先進水素システム研究室では、主に自動車用燃料電池の研究を行っています。その中でも、燃料電池の性能を左右する電極触媒部分に着目しています。電極触媒は、図に示すように球状のカーボン上に白金の微粒子が担持された材料からできています。具体的には、燃料電池自動車の本格的な普及を目指し、次のようなアプローチで研究を進めています。

電子顕微鏡その場観察による電極触媒の劣化メカ二ズムを解明に取り組んでいます

日立ハイテクノロジーズ様のご協力により、電界放出形透過電子顕微鏡 HF-3300を用いて、リアルタイムで電極触媒の劣化過程をとらえました。
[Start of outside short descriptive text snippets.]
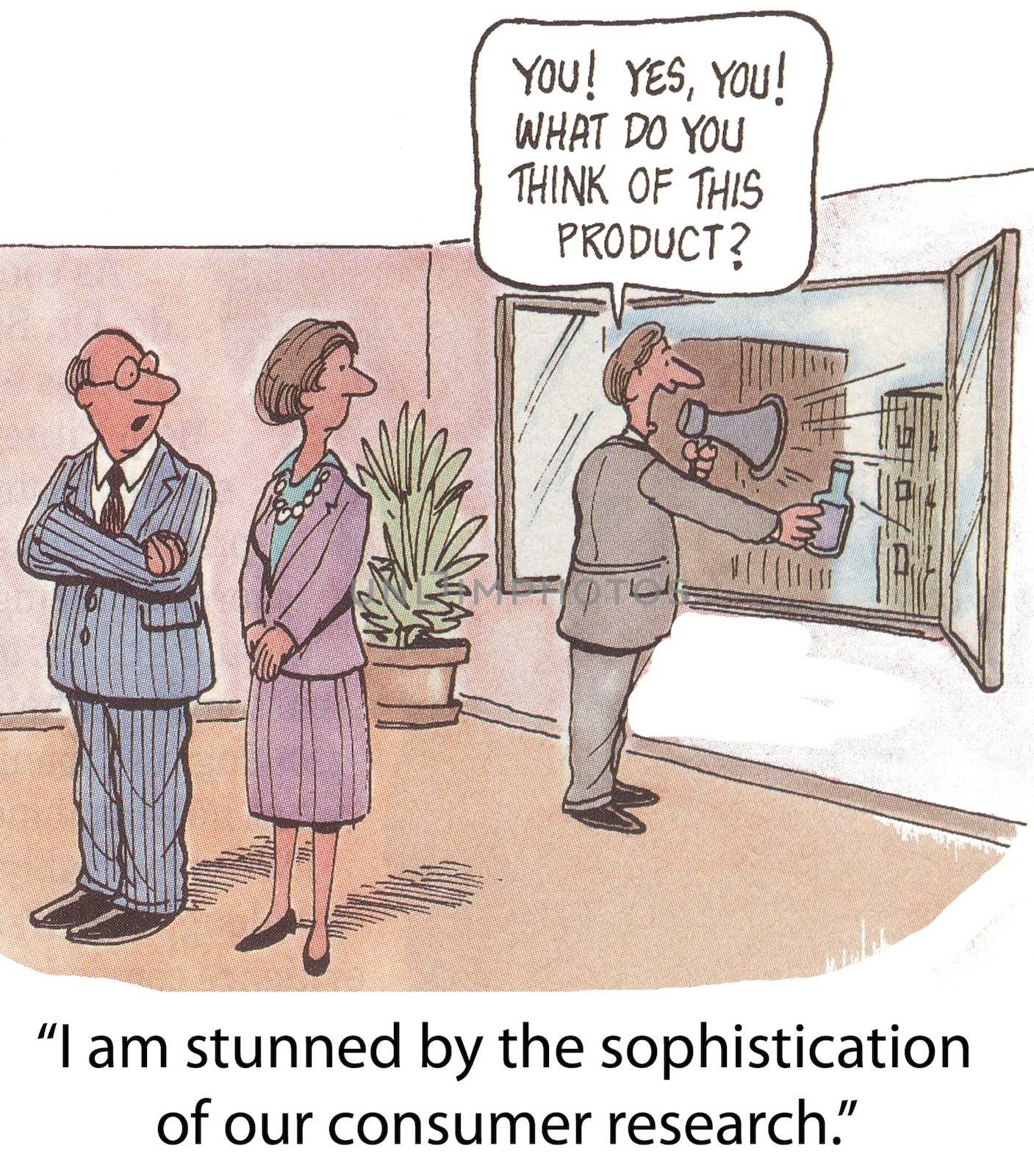 "I am stunned by the sophistication of our consumer research."  ('You!  Yes, you!  What do you think of this product?')
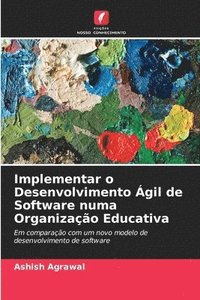 bokomslag Implementar o Desenvolvimento gil de Software numa Organizao Educativa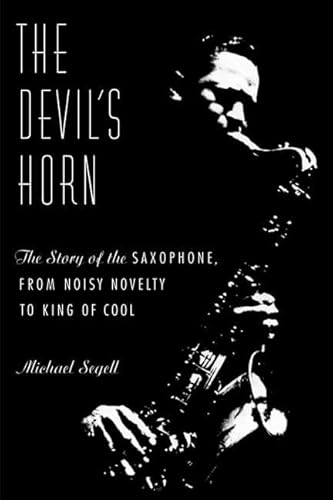 The Devil's Horn: The Story of the Saxophone, from Noisy Novelty to King of Cool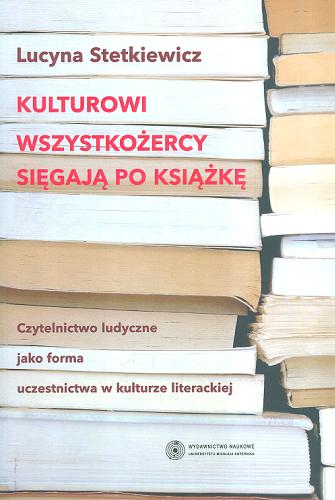 Okładka książki Kulturowi wszystkożercy sięgają po książkę : czytelnictwo ludyczne jako forma uczestnictwa w kulturze literackiej / Lucyna Stetkiewicz.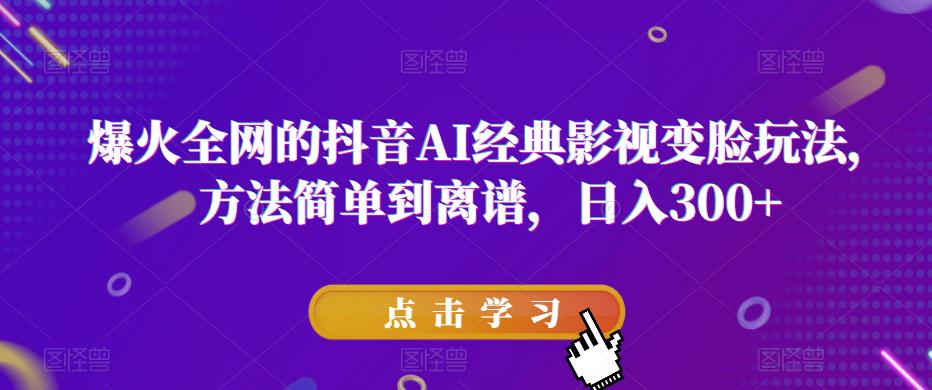 爆火全网的抖音AI经典影视变脸玩法，方法简单到离谱，日入300+【揭秘】网赚项目-副业赚钱-互联网创业-独家轻创IP星泽云创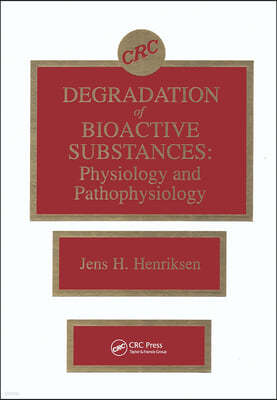 Degradation of Bioactive Substances: Physiology and Pathophysiology
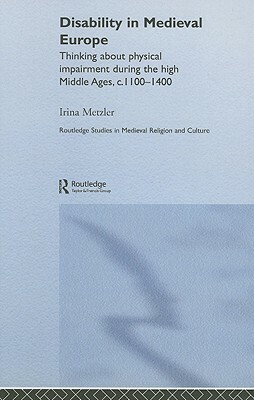 Disability in Medieval Europe: Thinking about Physical Impairment in the High Middle Ages, C.1100-C.1400 by Irina Metzler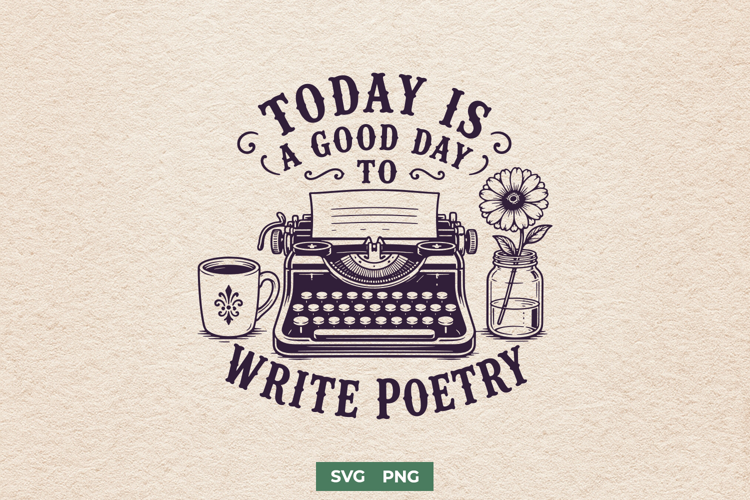 Today Is a Good Day to Write Poetry Vintage SVG PNG Design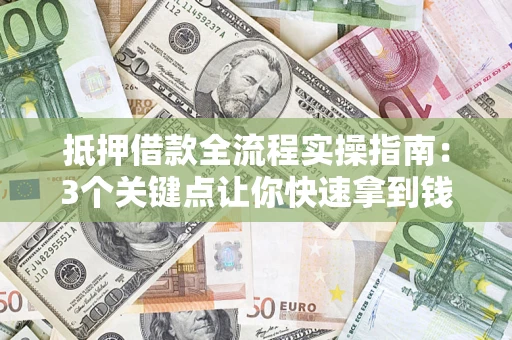 武汉抵押借款全流程实操指南：3个关键点让你快速拿到钱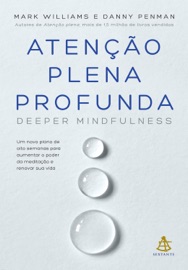 Atenção plena profunda - Mark Williams & Danny Penman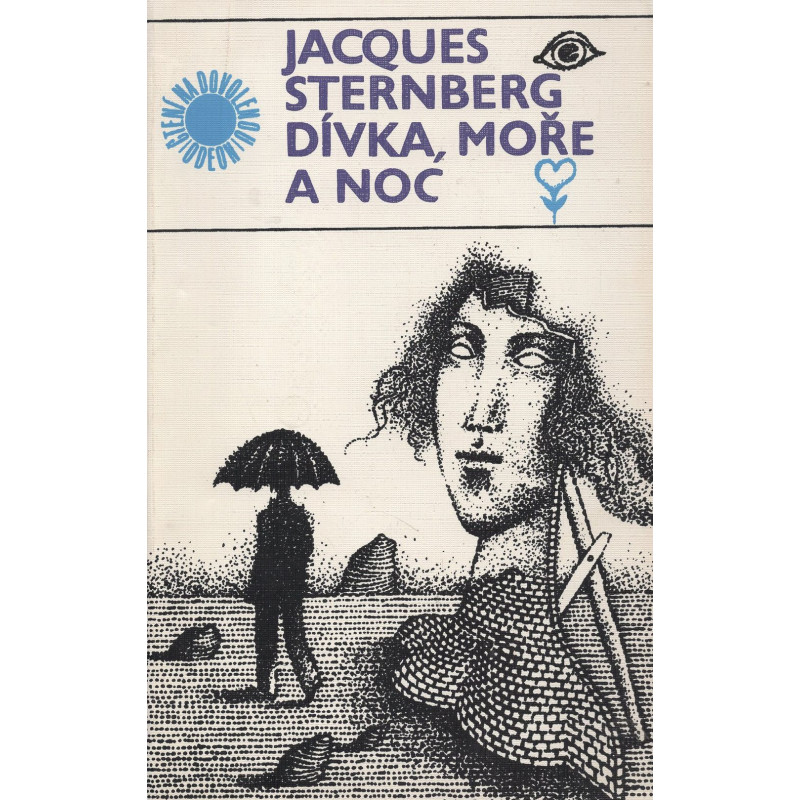 Jacques Sternberg - Dívka, moře a noc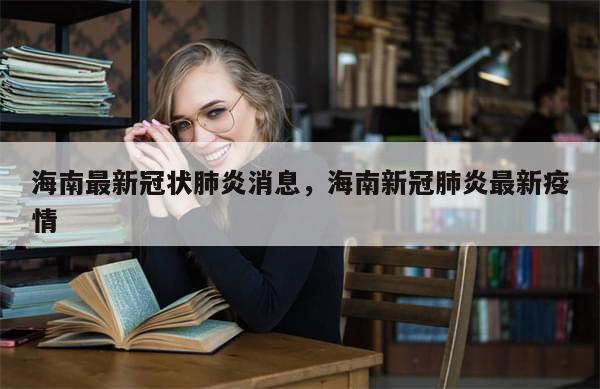 海南最新冠状肺炎消息，海南新冠肺炎最新疫情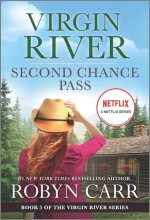 Second Chance Pass: A Virgin River Novel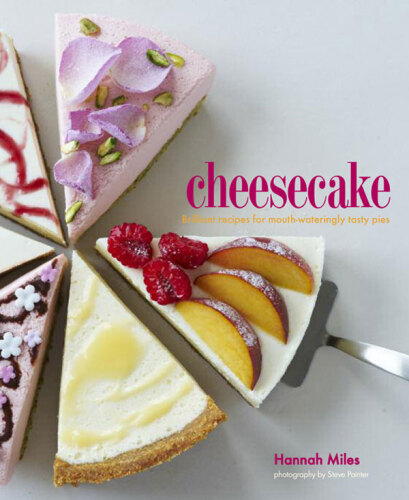 Cheesecake : 60 classic and original recipes for heavenly desserts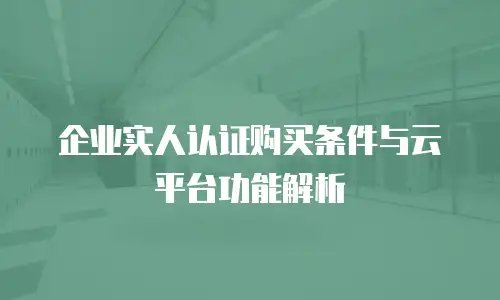 企业实人认证购买条件与云平台功能解析
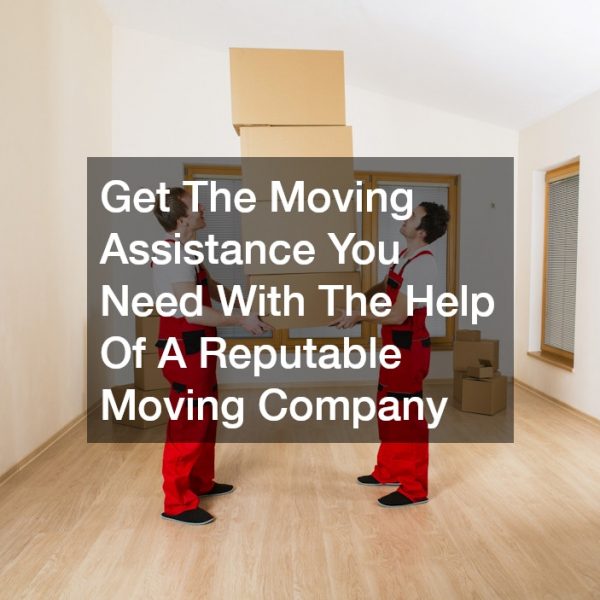 Get The Moving Assistance You Need With The Help Of A Reputable Moving Company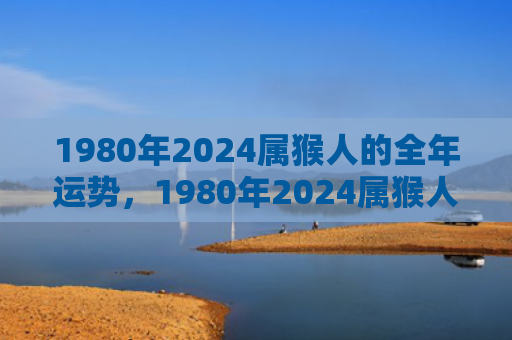 1980年2024属猴人的全年运势，1980年2024属猴人的全年运势盘点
この動画は、左が表面像、右が透過像になり、50倍で再生されています。動画から、カーボン表面の白金微粒子がカーボン内部に埋没していく様子が分かります。触媒の劣化のメカニズムの1つとして白金の埋没を見出しています。

ナノチャンネル構造を有するカーボンを用いた電極触媒の探索をしています

このカーボンは、ナノメートルサイズの細孔を持つ多孔体カーボンになります。その細孔構造を上手く利用して、細孔内に白金微粒子を導入し、白金微粒子同士の凝集を抑制することで、電極触媒の高性能・高耐久性化を実現します。

表面グラファイト化カーボンを用いた電極触媒の探索をしています

カーボンの表面のみをグラファイト化(黒鉛化)することで、触媒劣化のメカニズムのひとつであるカーボン酸化に対する耐久性を向上することに取組んでいます。

燃料電池の高温作動化に向けた課題抽出と材料設計を行っています

燃料電池の高効率化に向けたひとつのアプローチとして高温化(100℃から120℃程度)があげられます。一方で、高温化は触媒劣化の促進にもつながります。そこで、実際に燃料電池を高温作動させて、課題の抽出を行っています。例えば、集束イオンビームを用いて、燃料電池の断面を切り出し解析し、電極部分の三次元画像の構築などを行います。

その他、燃料電池関係研究として、九州大学秋葉教授と共同で、水素貯蔵材料の研究にも取り組んでいます。また、九州大学伊藤教授と連携しながら、水電解セル用の触媒の研究にも取り組みます。